# Shrimp Escape



## kunerd (Jul 19, 2005)

I would say YES. I only have Ghost shrimp at the moment and just in case you dont kno yet but they jump super well. I do not know if they would jump out of a tank but I know that when i move them they always try to jump out of the net once it is out of the water and have done it a couple of times. Still lived though, just had to pick him up off the dirty floor :icon_frow


----------



## Bert H (Dec 15, 2003)

YES! There are lots of stories out there of wandering shrimp. I wouldn't make it easier for them to find a way out.


----------



## fishyfishy (Mar 18, 2005)

well seems i have learned the hard way havent seen him for a few days and its quite the small bare tank


----------



## Momotaro (Feb 21, 2003)

If by algae eating shrimp you mean Amano shrimp, then yes they do have a bit of wanderlust and may try to creep out of the aquarium.

They are just trying to get back home to Japan.

Mike


----------



## jake (Feb 20, 2004)

Depends on the species of shrimp, as others have noted. My biggest cherry shrimp tank has an open top and no suicide jumps to date. Amanos obviously a very different story.


----------



## A Hill (Jul 25, 2005)

when i only had my 3 amano shrimp they started dissapearing.... well i also noticed exoskeletons so i knew they were molting... i have a powerfilter and checked it right away because my eels used to go into it.. i didnt see nething.. slowly they all dissapearded leaving only their molts i finally checked the filter again and they were all swimming around in it... odd so i took them out and cleaned my filter and put them back.... now the shrimp know what is up the pipe...

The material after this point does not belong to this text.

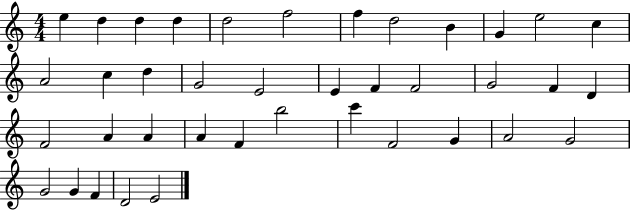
E5/q D5/q D5/q D5/q D5/h F5/h F5/q D5/h B4/q G4/q E5/h C5/q A4/h C5/q D5/q G4/h E4/h E4/q F4/q F4/h G4/h F4/q D4/q F4/h A4/q A4/q A4/q F4/q B5/h C6/q F4/h G4/q A4/h G4/h G4/h G4/q F4/q D4/h E4/h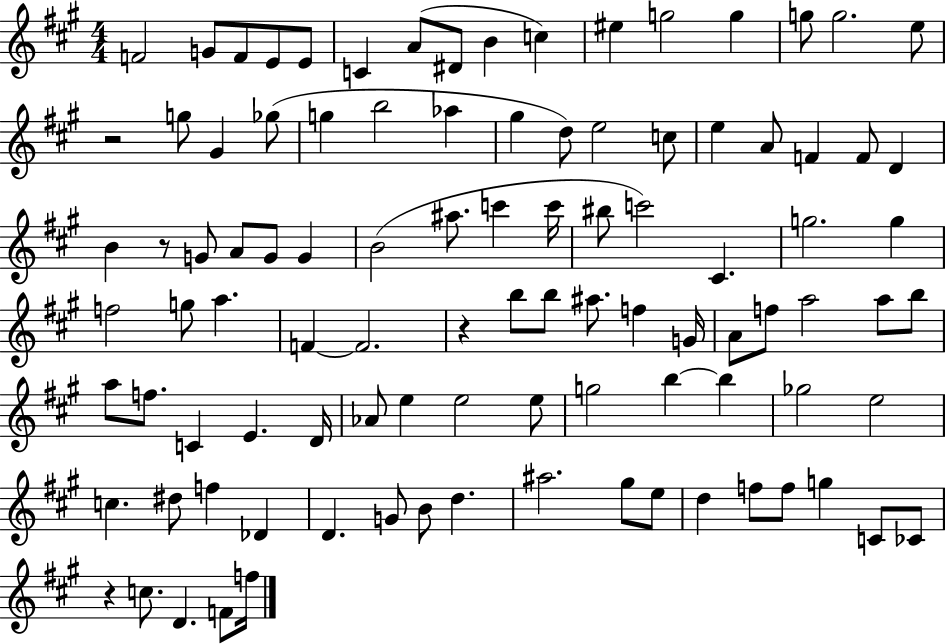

i think they got sucked up into it after they molted wile their exoskeletons were still soft... they have molted a few times since that and are getting really big!

so if u think your shrimp jumped always check the filter a few times!


----------



## Aquaticmagic (Aug 2, 2005)

I wonder what happen to them actually. Occassionally I will have amano shrimp and mosquito shrimp on my floor. Wonder why they like to jump so much.


----------



## Kyle (Jul 19, 2005)

Yeah amanos are definitely jumpers.


----------



## figgy (Feb 27, 2005)

You mean they _HAVEN'T_ jumped yet?????

:wink: 

Figgy


----------



## laura292 (Feb 23, 2010)

*My amano shrimp jumped! after 2 days of having them!*

i was watching the shrimps last night and i notied that they were both sitting on the wod thing and one of them kept like clawing at his bely or where thenaughty bits would be. didnt have a cklue what it was doing and still dont so if you know, let me know!
but the main reason i came on here was ebcause both of them jumped out of the tank last night. well atleast i think they did. i found one of them halfway across the iving room with loads of dust on him (think he went under the tv and reaslised that was bad so came back out) i put him back in the tank because he was still alive(freaked out in my hand when i thought he was dead). i couldnt see the other shrimp anywhere, i searched everywhere, i moved all of the sofas and had a torch behind things i cant move and still no sign. im surprised they can walk that far to be honest but im now really sad that its dead.
i know i have like no material evidence of the other being dead but i cant find it in the tank or on the floor and im sure by the time i get home from work tonight, if i find it, it would have dried up.
i didnt realise that they would be able to get to the top of the tank and get through a ventilation hole!


----------



## GlassCat594 (Mar 20, 2009)

I have a collection of died shrimp that have escaped. 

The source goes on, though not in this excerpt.